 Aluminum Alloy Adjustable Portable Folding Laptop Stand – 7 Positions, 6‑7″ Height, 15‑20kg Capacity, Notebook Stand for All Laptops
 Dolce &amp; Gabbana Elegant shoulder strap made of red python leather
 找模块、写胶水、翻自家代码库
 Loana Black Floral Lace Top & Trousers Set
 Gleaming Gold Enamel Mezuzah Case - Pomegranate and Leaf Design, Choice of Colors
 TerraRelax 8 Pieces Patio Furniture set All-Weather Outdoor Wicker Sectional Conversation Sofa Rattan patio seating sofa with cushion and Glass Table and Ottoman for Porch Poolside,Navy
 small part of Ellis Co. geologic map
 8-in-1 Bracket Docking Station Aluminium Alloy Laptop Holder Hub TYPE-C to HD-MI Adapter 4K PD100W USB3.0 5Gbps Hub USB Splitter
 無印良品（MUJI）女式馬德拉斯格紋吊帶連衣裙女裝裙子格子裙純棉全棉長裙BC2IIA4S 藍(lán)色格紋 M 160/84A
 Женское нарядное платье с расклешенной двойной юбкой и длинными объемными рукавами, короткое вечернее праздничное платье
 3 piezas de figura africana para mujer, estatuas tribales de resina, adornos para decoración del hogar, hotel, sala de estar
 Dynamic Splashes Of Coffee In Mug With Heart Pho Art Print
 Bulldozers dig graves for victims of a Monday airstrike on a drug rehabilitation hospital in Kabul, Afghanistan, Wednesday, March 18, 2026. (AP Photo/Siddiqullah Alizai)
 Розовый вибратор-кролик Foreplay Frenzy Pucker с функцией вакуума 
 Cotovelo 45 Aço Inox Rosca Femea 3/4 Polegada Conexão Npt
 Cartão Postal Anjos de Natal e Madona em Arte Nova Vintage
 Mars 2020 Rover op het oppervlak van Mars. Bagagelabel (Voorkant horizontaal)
--*--
- WHAT YOU ARE ASKED TO DO: Return, word for word, the lines of the data above from the line with "3 piezas de" through the line with "Dynamic Splashes Of", inclusive.

- YOUR RESPONSE:
 3 piezas de figura africana para mujer, estatuas tribales de resina, adornos para decoración del hogar, hotel, sala de estar
 Dynamic Splashes Of Coffee In Mug With Heart Pho Art Print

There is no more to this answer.